## Exercise objective
Reproduce exactly the lines below from the one containing "मुंबई के मार्केटिंग" through the one containing "Mediķi: Jauno māmiņu", including both, and nothing else.

## Records shown

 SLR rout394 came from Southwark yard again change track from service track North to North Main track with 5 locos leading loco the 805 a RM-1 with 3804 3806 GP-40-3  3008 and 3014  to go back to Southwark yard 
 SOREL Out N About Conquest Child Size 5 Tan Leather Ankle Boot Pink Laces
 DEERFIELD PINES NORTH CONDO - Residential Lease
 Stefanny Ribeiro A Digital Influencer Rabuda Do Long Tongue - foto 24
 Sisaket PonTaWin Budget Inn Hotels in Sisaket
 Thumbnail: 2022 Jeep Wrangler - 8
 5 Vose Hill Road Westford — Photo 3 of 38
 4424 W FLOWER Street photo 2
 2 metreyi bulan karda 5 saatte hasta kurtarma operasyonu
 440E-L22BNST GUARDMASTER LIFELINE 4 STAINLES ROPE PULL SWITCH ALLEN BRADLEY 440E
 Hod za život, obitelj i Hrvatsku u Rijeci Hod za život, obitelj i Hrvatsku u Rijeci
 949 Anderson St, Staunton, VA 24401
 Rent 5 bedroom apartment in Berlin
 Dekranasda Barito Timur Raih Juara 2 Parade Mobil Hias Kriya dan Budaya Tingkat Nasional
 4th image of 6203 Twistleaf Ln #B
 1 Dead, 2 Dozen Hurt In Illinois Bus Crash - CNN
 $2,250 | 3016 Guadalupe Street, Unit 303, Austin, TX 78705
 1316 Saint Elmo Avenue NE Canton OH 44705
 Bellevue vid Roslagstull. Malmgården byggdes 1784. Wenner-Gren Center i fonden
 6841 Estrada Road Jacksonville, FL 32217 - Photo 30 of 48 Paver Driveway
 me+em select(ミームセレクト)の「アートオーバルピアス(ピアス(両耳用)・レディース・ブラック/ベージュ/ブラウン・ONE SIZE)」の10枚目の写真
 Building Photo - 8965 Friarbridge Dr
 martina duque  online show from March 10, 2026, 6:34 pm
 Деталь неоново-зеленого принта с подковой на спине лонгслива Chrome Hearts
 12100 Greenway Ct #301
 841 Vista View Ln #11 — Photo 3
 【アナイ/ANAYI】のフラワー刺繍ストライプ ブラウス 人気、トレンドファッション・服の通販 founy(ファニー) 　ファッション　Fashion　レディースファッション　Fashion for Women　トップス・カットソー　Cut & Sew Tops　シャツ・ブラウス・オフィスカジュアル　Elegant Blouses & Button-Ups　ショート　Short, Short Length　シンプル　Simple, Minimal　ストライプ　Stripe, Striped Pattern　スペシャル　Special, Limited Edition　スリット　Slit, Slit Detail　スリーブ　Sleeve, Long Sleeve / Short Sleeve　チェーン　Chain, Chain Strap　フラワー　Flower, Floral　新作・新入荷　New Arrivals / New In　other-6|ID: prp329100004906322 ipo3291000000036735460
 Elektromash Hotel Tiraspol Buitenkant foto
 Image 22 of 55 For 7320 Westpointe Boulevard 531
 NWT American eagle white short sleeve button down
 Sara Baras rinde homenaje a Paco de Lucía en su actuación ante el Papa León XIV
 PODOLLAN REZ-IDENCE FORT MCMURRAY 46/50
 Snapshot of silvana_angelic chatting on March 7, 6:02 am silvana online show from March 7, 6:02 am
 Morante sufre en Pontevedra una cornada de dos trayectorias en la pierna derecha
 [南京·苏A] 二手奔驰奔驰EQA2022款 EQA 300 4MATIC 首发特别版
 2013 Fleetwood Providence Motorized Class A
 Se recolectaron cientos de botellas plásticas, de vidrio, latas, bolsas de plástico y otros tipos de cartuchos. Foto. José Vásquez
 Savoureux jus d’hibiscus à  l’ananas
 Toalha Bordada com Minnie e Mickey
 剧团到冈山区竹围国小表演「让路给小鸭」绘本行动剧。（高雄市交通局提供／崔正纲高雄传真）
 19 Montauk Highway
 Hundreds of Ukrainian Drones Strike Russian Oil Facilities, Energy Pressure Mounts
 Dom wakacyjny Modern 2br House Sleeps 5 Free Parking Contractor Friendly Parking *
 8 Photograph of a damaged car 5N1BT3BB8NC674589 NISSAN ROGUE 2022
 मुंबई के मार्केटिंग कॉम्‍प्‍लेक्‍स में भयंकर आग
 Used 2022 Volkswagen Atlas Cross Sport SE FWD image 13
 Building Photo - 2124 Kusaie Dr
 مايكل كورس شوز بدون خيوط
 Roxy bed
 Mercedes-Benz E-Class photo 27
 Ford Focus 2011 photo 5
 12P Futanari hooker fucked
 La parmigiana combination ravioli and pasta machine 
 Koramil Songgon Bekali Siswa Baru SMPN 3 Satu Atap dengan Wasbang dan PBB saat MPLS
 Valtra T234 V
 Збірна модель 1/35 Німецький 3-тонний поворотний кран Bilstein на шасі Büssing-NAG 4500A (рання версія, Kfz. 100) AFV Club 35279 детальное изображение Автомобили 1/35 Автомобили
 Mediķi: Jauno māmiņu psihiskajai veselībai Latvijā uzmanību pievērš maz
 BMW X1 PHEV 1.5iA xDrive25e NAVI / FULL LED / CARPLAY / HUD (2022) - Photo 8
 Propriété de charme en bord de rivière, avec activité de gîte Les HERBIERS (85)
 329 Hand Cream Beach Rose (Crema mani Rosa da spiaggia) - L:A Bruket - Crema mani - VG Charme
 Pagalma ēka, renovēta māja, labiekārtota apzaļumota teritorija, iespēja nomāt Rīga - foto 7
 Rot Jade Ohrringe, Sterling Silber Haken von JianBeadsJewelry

## Answer to this exercise
 मुंबई के मार्केटिंग कॉम्‍प्‍लेक्‍स में भयंकर आग
 Used 2022 Volkswagen Atlas Cross Sport SE FWD image 13
 Building Photo - 2124 Kusaie Dr
 مايكل كورس شوز بدون خيوط
 Roxy bed
 Mercedes-Benz E-Class photo 27
 Ford Focus 2011 photo 5
 12P Futanari hooker fucked
 La parmigiana combination ravioli and pasta machine 
 Koramil Songgon Bekali Siswa Baru SMPN 3 Satu Atap dengan Wasbang dan PBB saat MPLS
 Valtra T234 V
 Збірна модель 1/35 Німецький 3-тонний поворотний кран Bilstein на шасі Büssing-NAG 4500A (рання версія, Kfz. 100) AFV Club 35279 детальное изображение Автомобили 1/35 Автомобили
 Mediķi: Jauno māmiņu psihiskajai veselībai Latvijā uzmanību pievērš maz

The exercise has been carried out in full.